Okay, I haven't seen the movie. I'm thinking, it just won't be as good as the book. It's because I liked the book so much that I'm not real inclined to see the movie, because I think I'll be disappointed.

Interestingly, looking at the critics reviews at Yahoo Movies, one says "If you liked the book, you'll be fine" and another "...can't help but fail to measure up to its literary predecessor". Maybe it depends on the person. Me, I do fear for me it would be the latter.

As for some of the ideas presented by the characters in the book (like I said, I haven't seen the movie, though one hopes that the same ideas are presented in the movie), well, I tend to be an open minded sceptic. I ain't going to assume that because a character in Dan Brown's book says it's so, that it's indeed so. But, unless I know otherwise, I'll keep an open mind.
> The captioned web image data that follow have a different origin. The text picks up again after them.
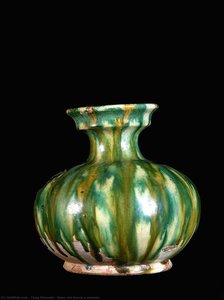 Vaso Con Bocca A Vassoio — Tang Dynasty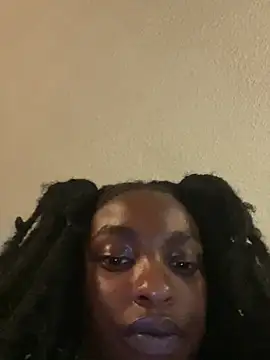 PrincessRayari's Live XXX Chat
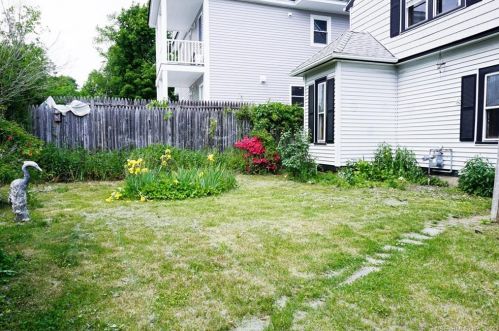 279 Main St, Torrington CT 06790-6946 exterior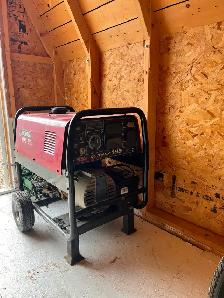 Lincoln outback 185 amp welder - Photo 2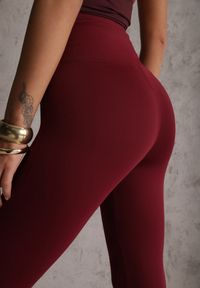 Renee - Bordowe Spodnie High Waist z Elastycznego Materiału z Gumką w Talii Dorra. Okazja: na co dzień, do pracy. Stan: podwyższony. Kolor: czerwony. Materiał: materiał. Styl: casual #6
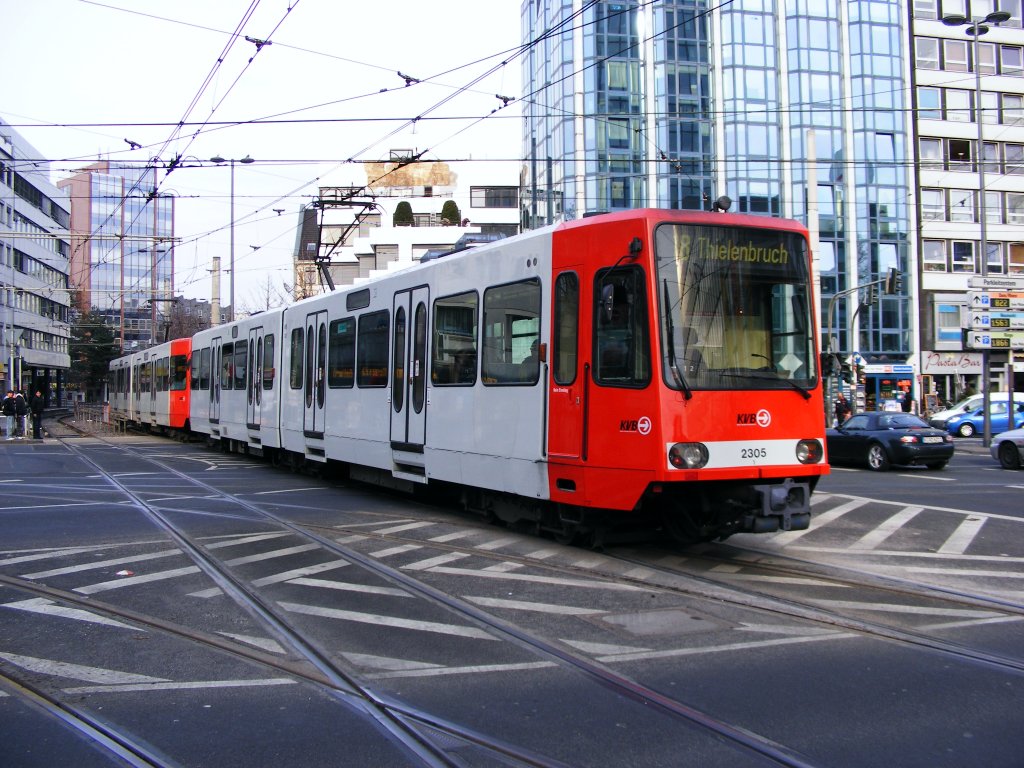 Eine Doppeltraktion aus Stadtbahnwagen B der KVB ist am 17.03.2010 auf dem Barbarossaplatz in Kln unterwegs.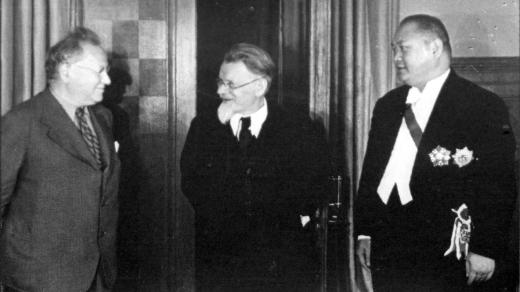 Maxim Litvinov (komisař zahraničních věcí SSSR), Michail Kalinin (prezident nejvyššího sovětu SSSR) a čínský velvyslanec, 1938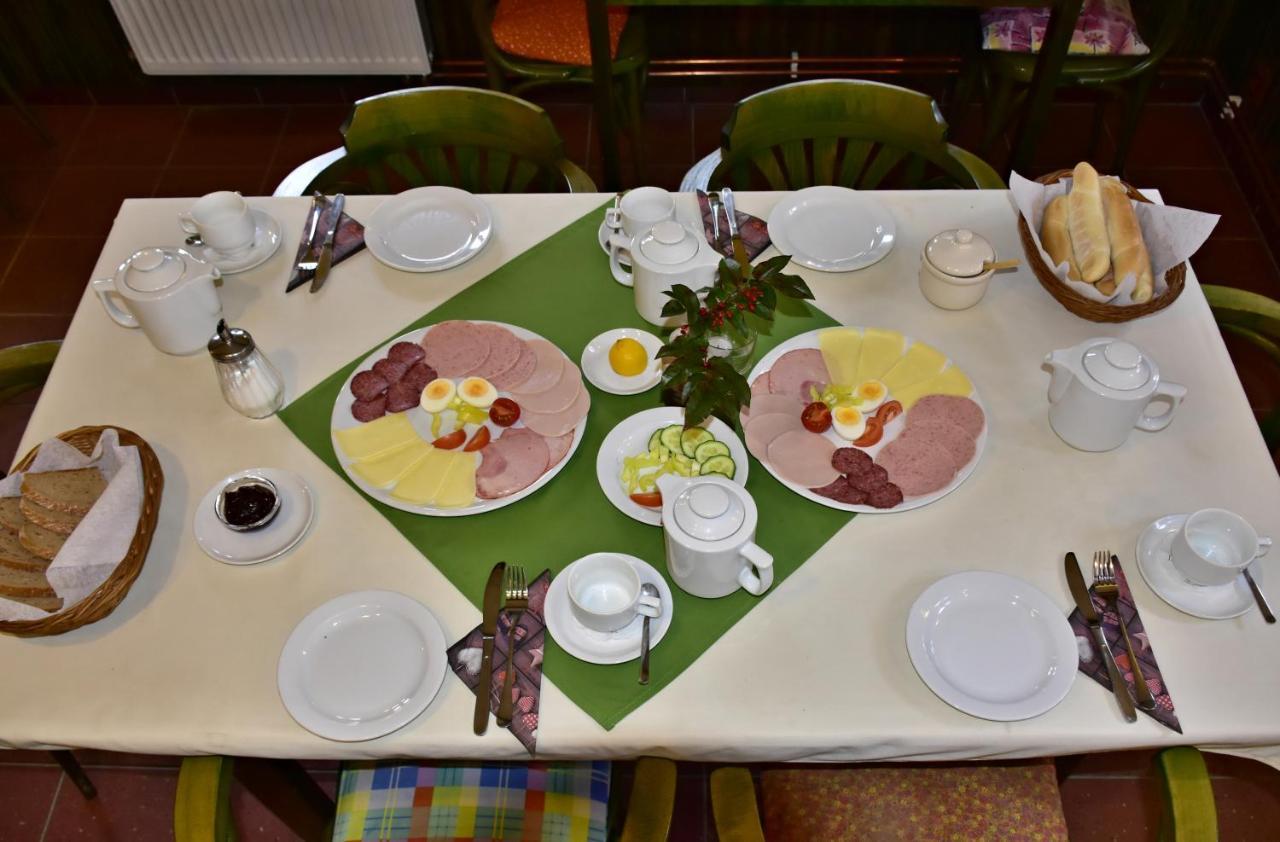 Hostinec U Certova Mlyna Libavske Udoli Esterno foto
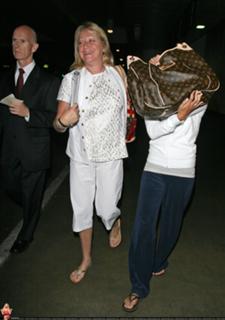 Ashley Tisdale feet photo thumbnail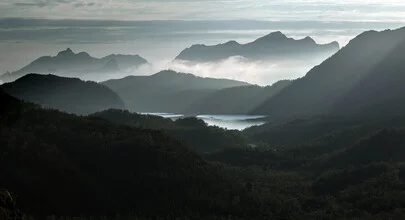 Fotokunst von Helmut Pfirrmann: Zwielichtige Berglandschaft mit Nebel und Weite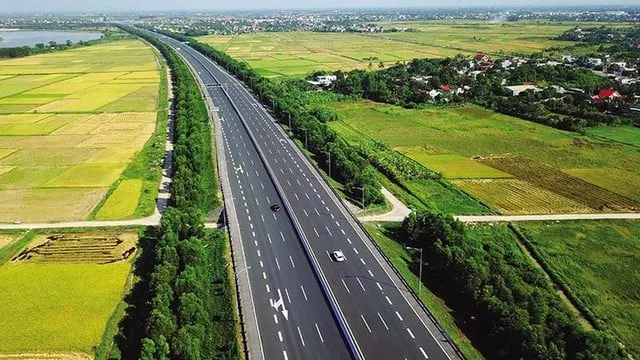 Minh An và Hoàng Khải đứng trước ngã rẽ định mệnh trong Lựa Chọn Phân Kỳ, biểu thị những con đường khác biệt mà họ phải chọn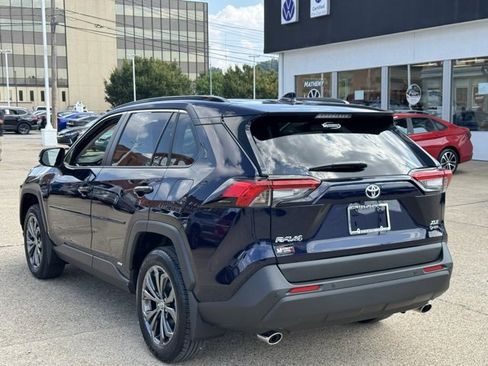 Used 2025 Toyota RAV4 XLE Premium image 3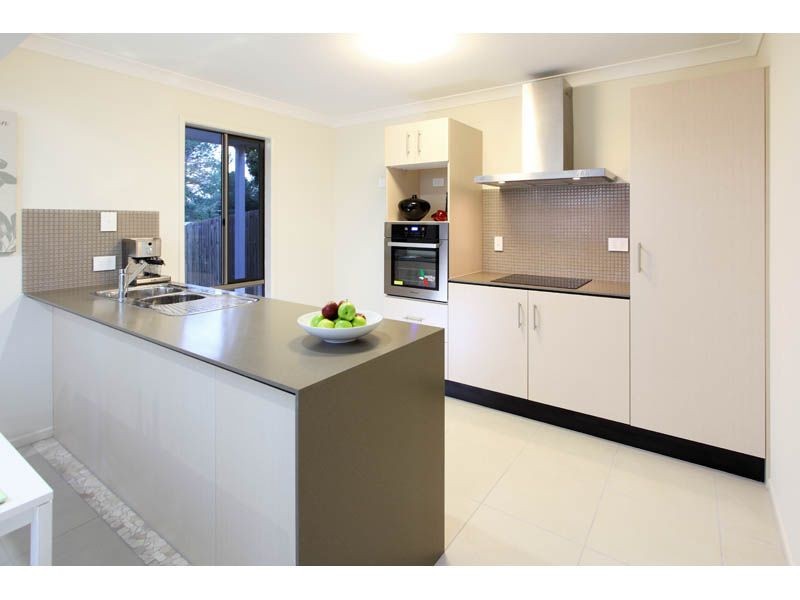 44 Kenmore Road, Kenmore QLD 4069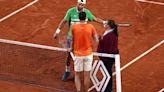 Escándalo en Roland Garros: un tenista le propuso a su rival cambiar a la jueza en pleno partido y el diálogo se escuchó en todo el estadio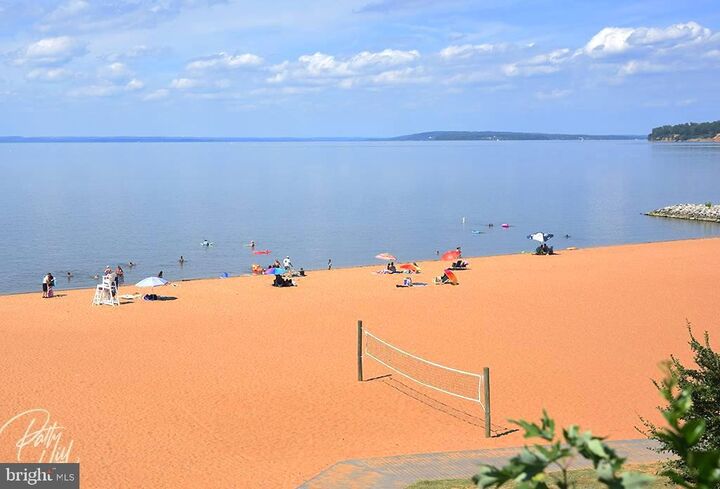 Property Photo:  104 Main Street  MD 21610 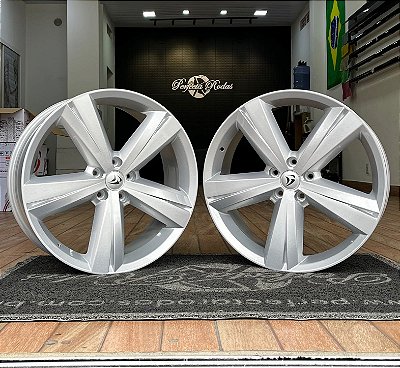RODAS FUSCA TSI ARO 20 FURAÇÃO 5X112 PRATA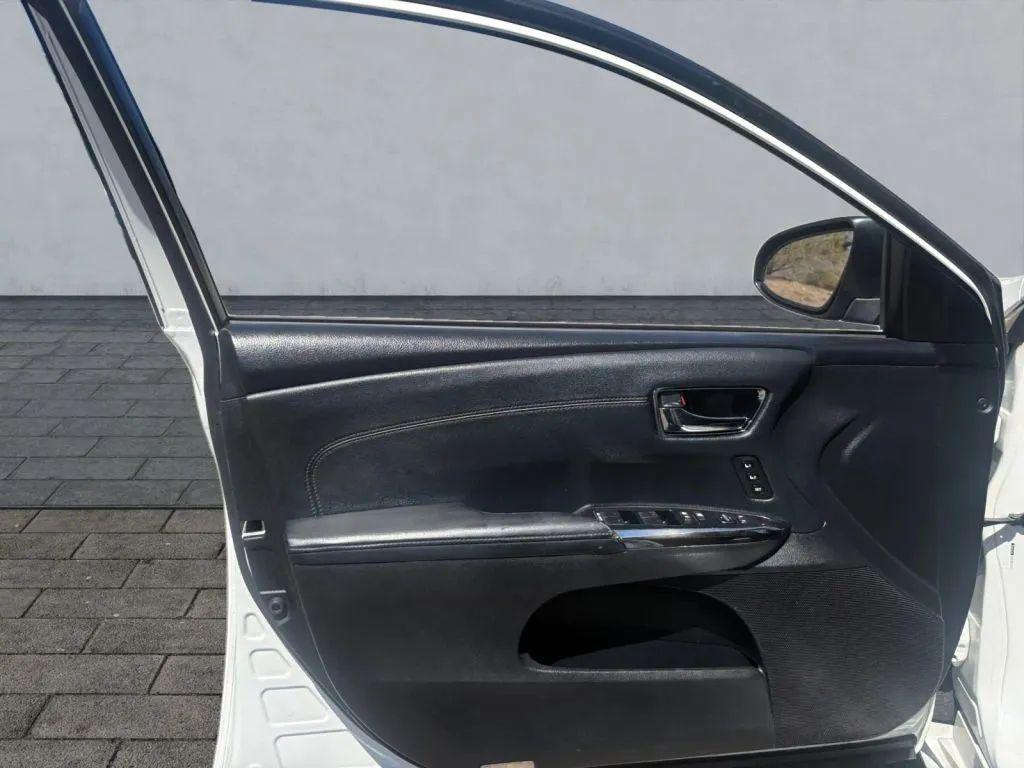 used 2013 Toyota Avalon Hybrid car, priced at $12,484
As for Jesus being married, so far as I know there is no evidence at all that Jesus was celibate. It's a projection, I think. Being used to a celibate priesthood, and, in the absence of any direct reference to Jesus being married or single, it's easy to assume Jesus was single without thinking about it. (And I understand that the celibate priesthood doesn't go back to the beginning of Christianity, but does go back to before the protestant reformation.) And, heck, how many people would assume that Peter was celibate? But, hey, wait, Jesus cured Peter's mother-in-law. And St. Paul in one of his letter mentions Peter being married. So, if in the case of Peter, lack of mention of a wife in the gospels doesn't mean he wasn't married, couldn't it be the same for Jesus? And, from what I've read, not being married would have been rather unusual at the time.

Actually, for me, the fact that St. Paul, when talking about his own celebacy, doesn't ever tell us Jesus was single, well, that definitely seems to suggest that Jesus was likely married. Emulating Jesus is not a reason St. Paul ever gives in support of celibacy.

Okay, Jesus being married but his wife never being mentioned is one thing. And believable. But the idea of Jesus specifically being married to Mary Magdalene is a different situation. If that's so, then you have the case of all 4 gospels mentioning Jesus' wife, but not bothering to mention that she's his wife. I personally find that idea a little odd. On the other hand, I have somewhere read a plausible sounding explanation for that.

As for the idea of the sacred feminine, I think that would be interesting to read more about, but it's not a major interest of mine.

Anyway, that's my thoughts on the matter.